• _TASK BRIEF_:
The answer is all of the data repeated exactly, with each picture omitted.

• _Short text fragments from websites_:
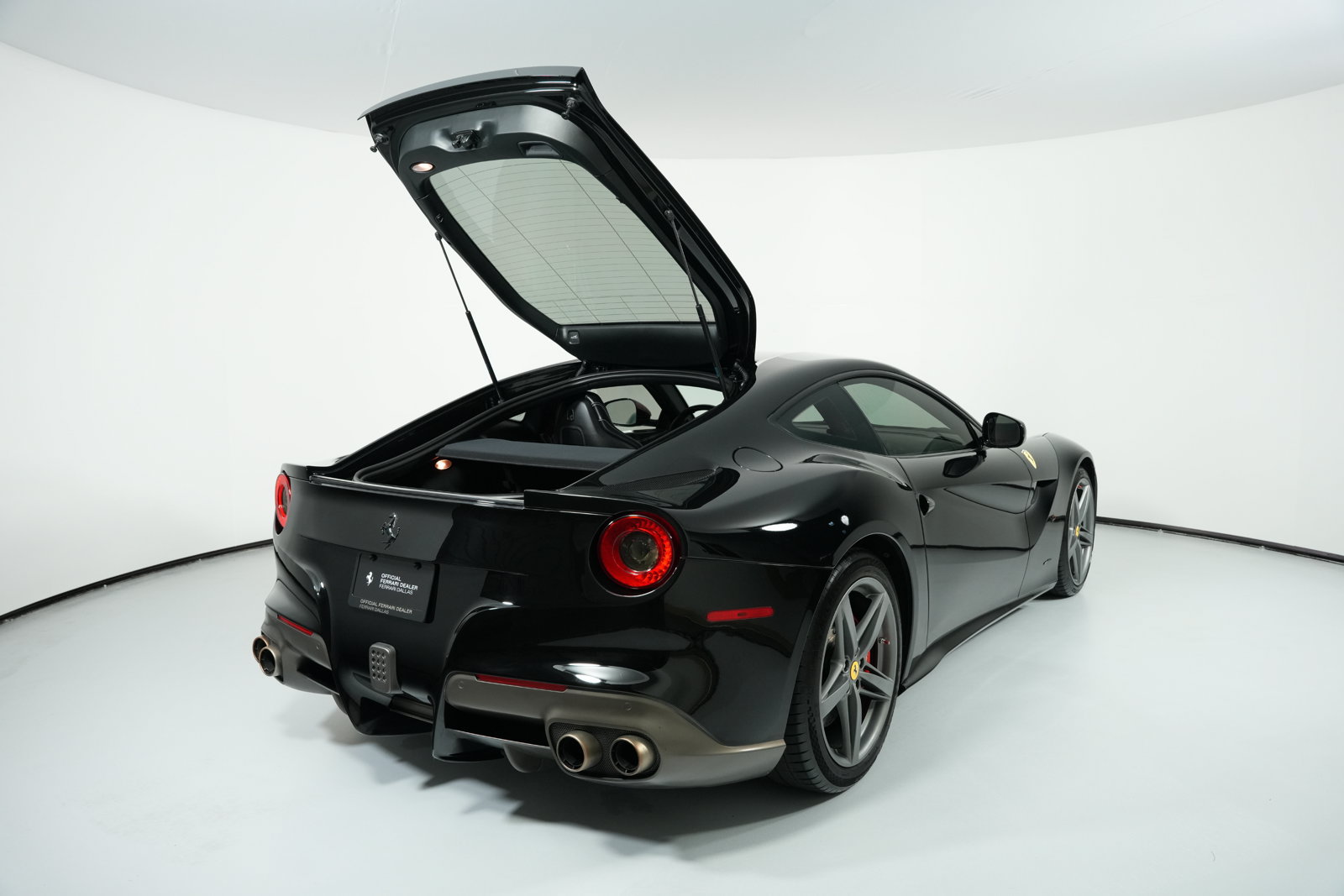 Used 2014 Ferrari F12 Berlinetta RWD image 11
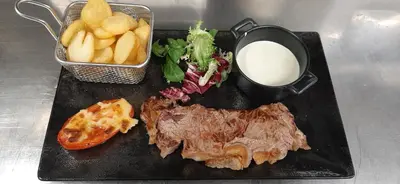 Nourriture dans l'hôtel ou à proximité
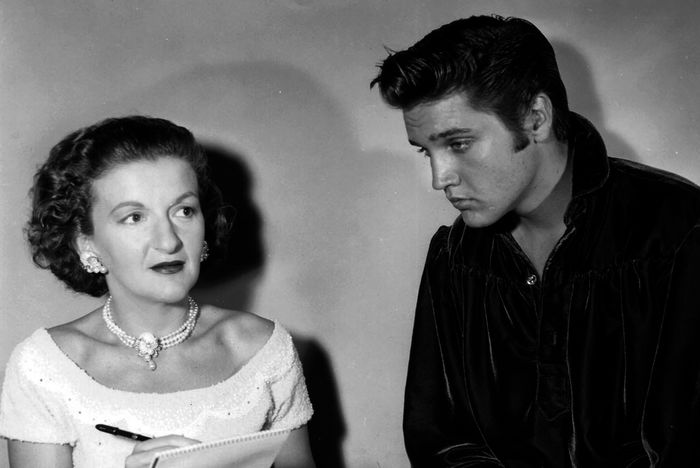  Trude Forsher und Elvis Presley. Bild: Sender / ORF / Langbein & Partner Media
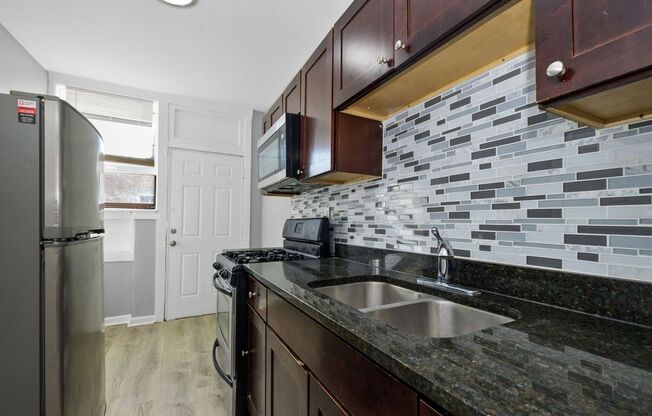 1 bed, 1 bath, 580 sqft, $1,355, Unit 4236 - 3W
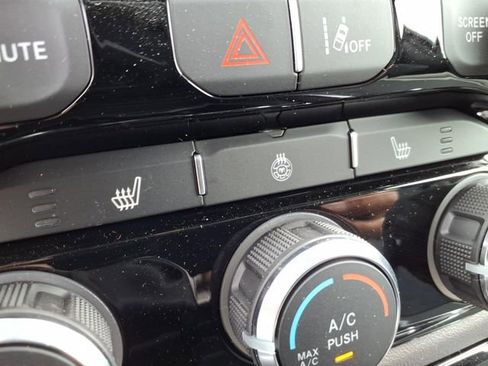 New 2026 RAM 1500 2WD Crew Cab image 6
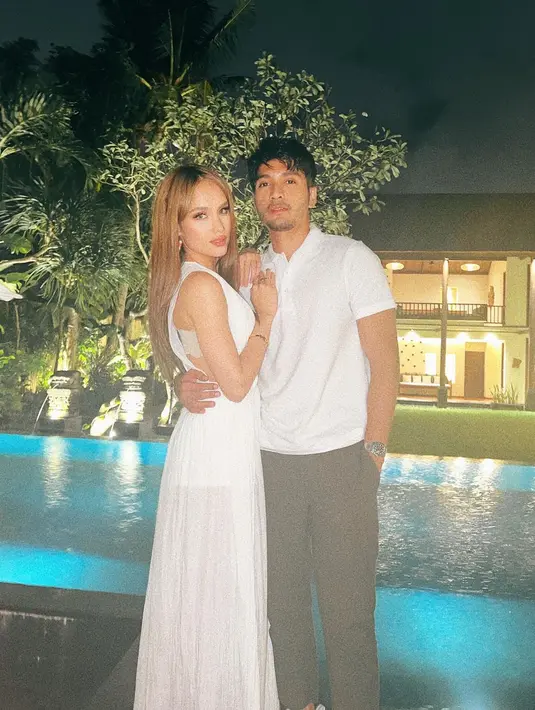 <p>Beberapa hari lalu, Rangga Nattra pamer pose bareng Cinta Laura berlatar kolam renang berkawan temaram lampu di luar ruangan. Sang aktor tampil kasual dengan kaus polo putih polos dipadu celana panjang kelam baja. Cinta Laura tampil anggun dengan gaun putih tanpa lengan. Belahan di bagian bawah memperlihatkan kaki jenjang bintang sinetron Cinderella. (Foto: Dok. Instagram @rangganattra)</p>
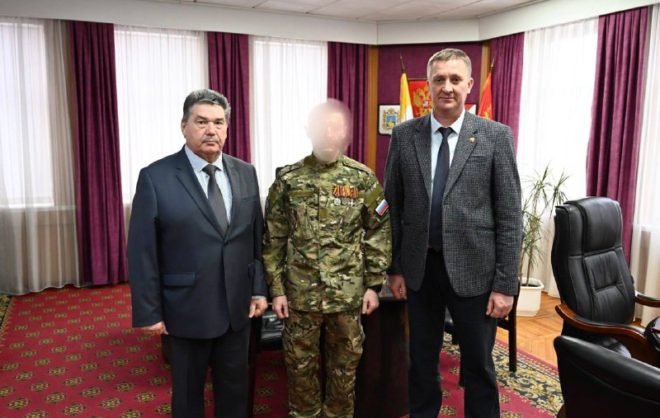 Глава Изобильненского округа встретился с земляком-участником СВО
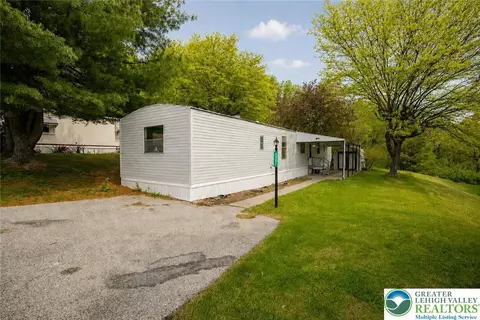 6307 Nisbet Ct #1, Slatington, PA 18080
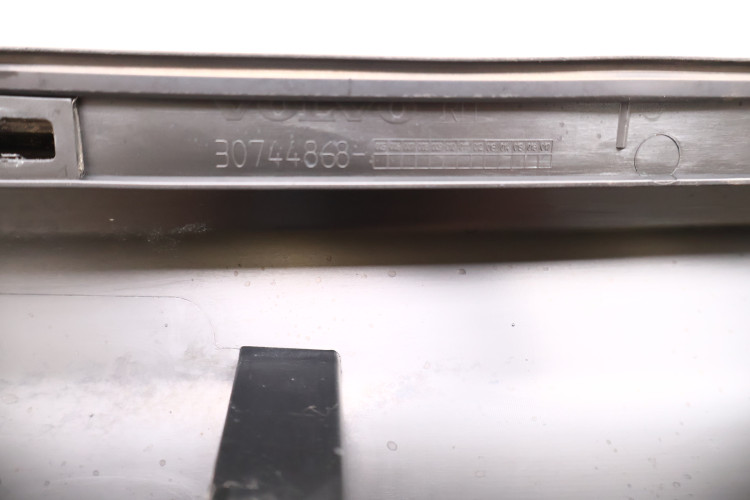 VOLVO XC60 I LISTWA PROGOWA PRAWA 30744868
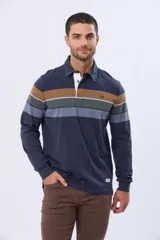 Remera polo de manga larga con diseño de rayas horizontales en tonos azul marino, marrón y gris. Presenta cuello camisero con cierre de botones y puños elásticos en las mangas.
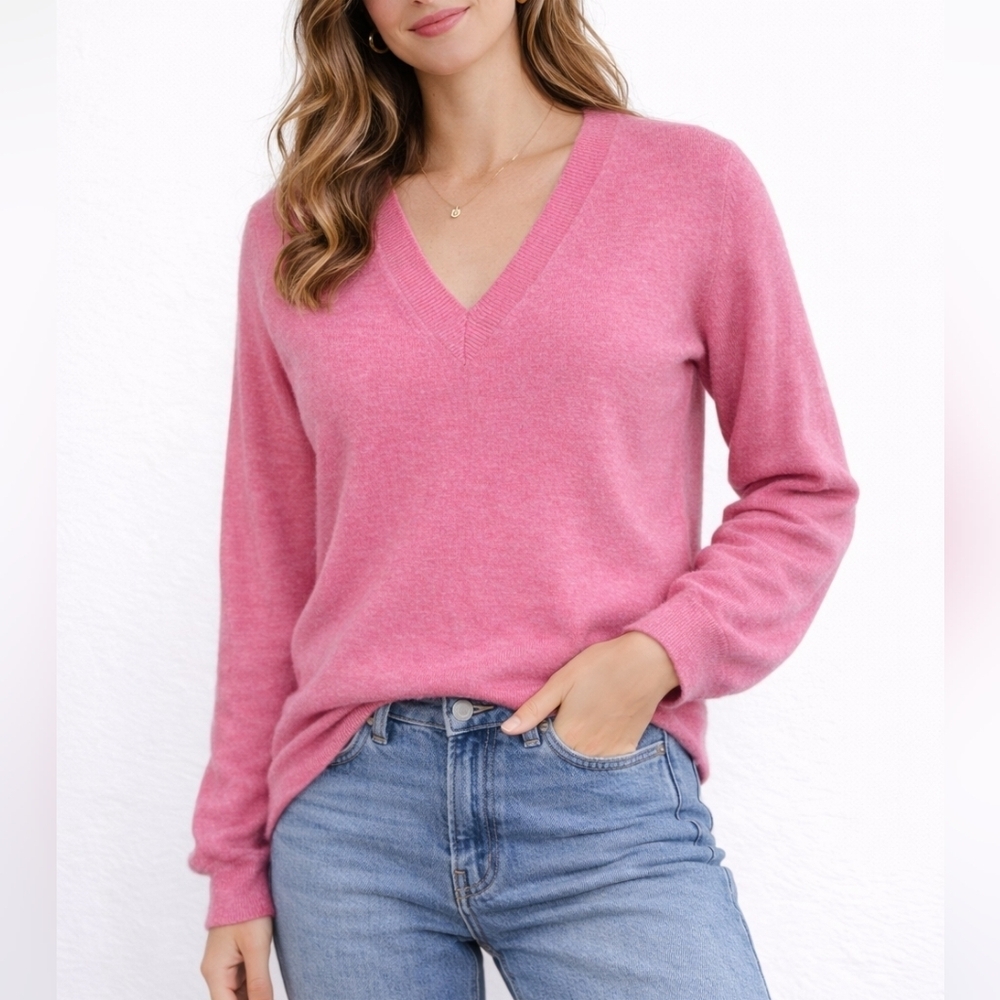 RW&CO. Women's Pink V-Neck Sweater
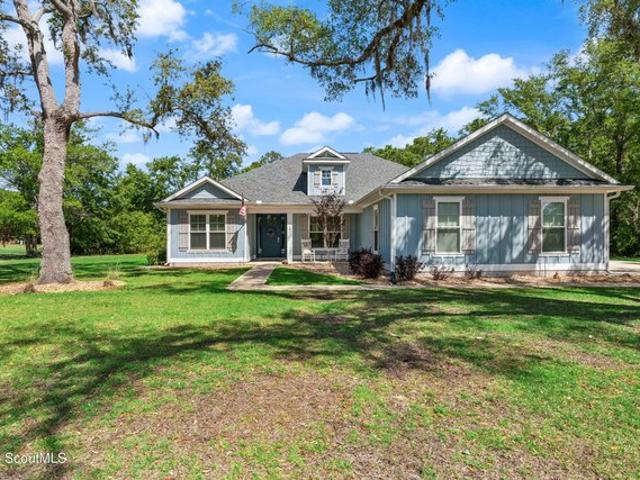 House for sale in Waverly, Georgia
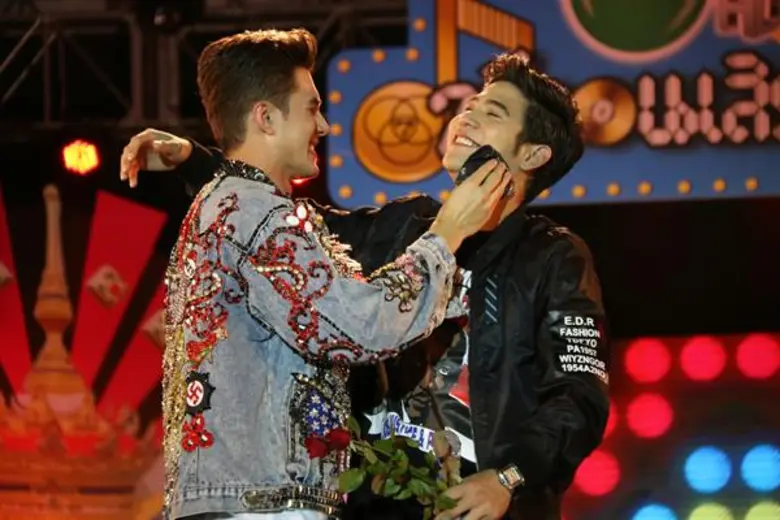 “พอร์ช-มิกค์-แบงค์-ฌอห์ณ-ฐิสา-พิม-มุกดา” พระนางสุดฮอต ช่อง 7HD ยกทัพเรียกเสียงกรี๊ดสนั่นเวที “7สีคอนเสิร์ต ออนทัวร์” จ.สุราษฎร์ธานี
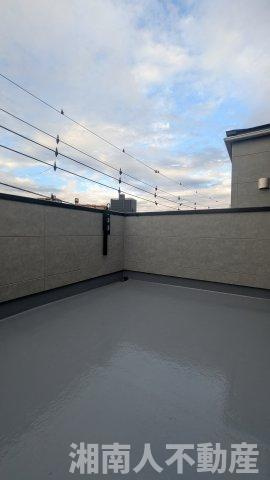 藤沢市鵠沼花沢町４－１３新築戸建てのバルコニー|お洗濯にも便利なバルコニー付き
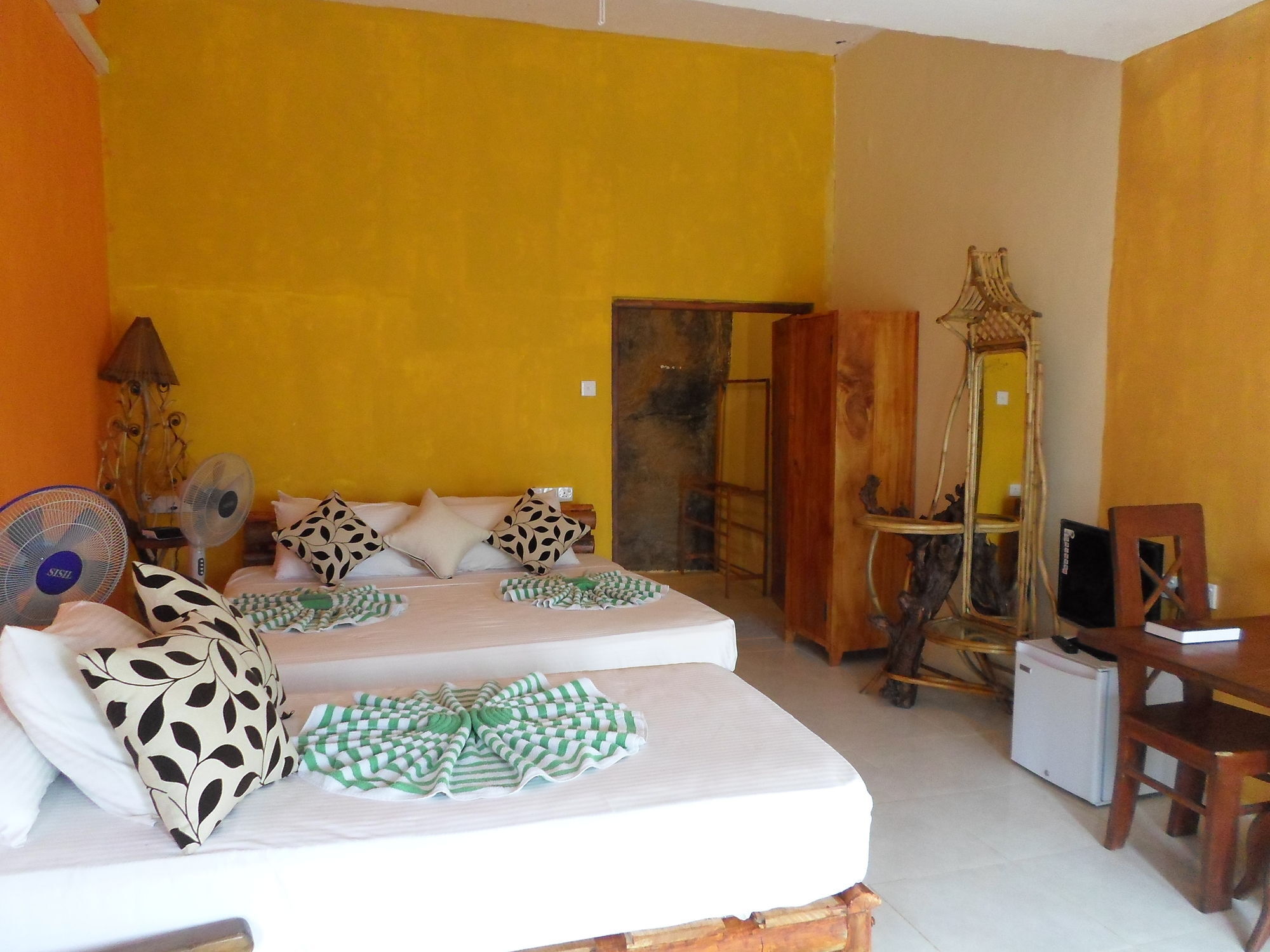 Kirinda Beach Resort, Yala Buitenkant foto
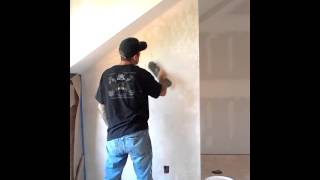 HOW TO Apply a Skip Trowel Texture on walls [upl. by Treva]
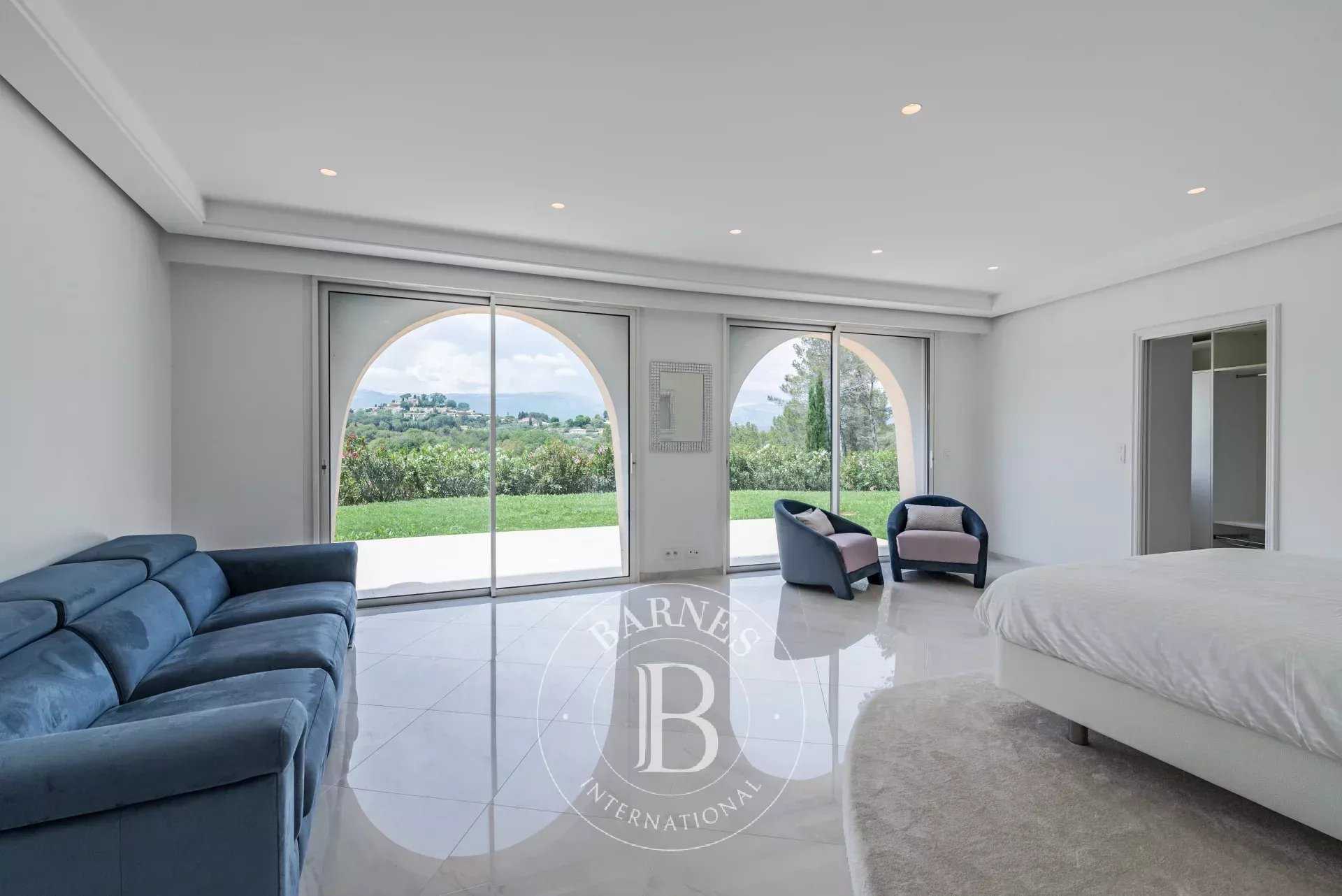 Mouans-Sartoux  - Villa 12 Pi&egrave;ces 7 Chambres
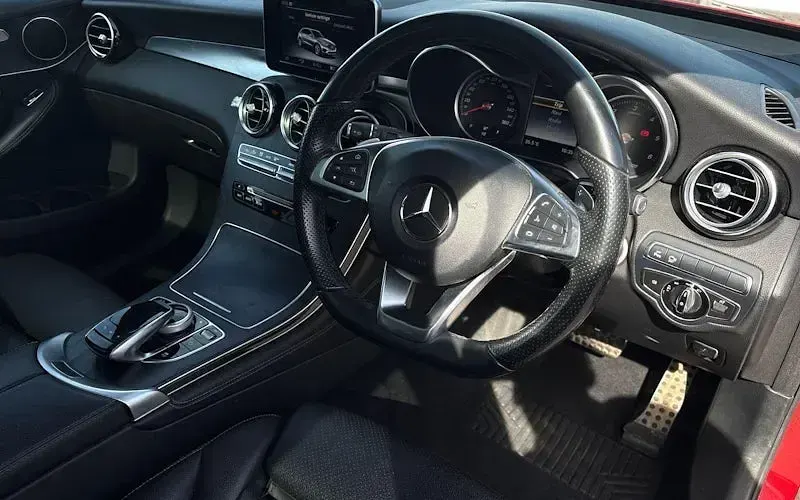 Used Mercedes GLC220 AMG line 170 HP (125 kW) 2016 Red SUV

• _TASK RESULT_:
 Used 2014 Ferrari F12 Berlinetta RWD image 11
 Nourriture dans l'hôtel ou à proximité
  Trude Forsher und Elvis Presley. Bild: Sender / ORF / Langbein & Partner Media
 1 bed, 1 bath, 580 sqft, $1,355, Unit 4236 - 3W
 New 2026 RAM 1500 2WD Crew Cab image 6
 <p>Beberapa hari lalu, Rangga Nattra pamer pose bareng Cinta Laura berlatar kolam renang berkawan temaram lampu di luar ruangan. Sang aktor tampil kasual dengan kaus polo putih polos dipadu celana panjang kelam baja. Cinta Laura tampil anggun dengan gaun putih tanpa lengan. Belahan di bagian bawah memperlihatkan kaki jenjang bintang sinetron Cinderella. (Foto: Dok. Instagram @rangganattra)</p>
 Глава Изобильненского округа встретился с земляком-участником СВО
 6307 Nisbet Ct #1, Slatington, PA 18080
 VOLVO XC60 I LISTWA PROGOWA PRAWA 30744868
 Remera polo de manga larga con diseño de rayas horizontales en tonos azul marino, marrón y gris. Presenta cuello camisero con cierre de botones y puños elásticos en las mangas.
 RW&CO. Women's Pink V-Neck Sweater
 House for sale in Waverly, Georgia
 “พอร์ช-มิกค์-แบงค์-ฌอห์ณ-ฐิสา-พิม-มุกดา” พระนางสุดฮอต ช่อง 7HD ยกทัพเรียกเสียงกรี๊ดสนั่นเวที “7สีคอนเสิร์ต ออนทัวร์” จ.สุราษฎร์ธานี
 藤沢市鵠沼花沢町４－１３新築戸建てのバルコニー|お洗濯にも便利なバルコニー付き
 Kirinda Beach Resort, Yala Buitenkant foto
 HOW TO Apply a Skip Trowel Texture on walls [upl. by Treva]
 Mouans-Sartoux  - Villa 12 Pi&egrave;ces 7 Chambres
 Used Mercedes GLC220 AMG line 170 HP (125 kW) 2016 Red SUV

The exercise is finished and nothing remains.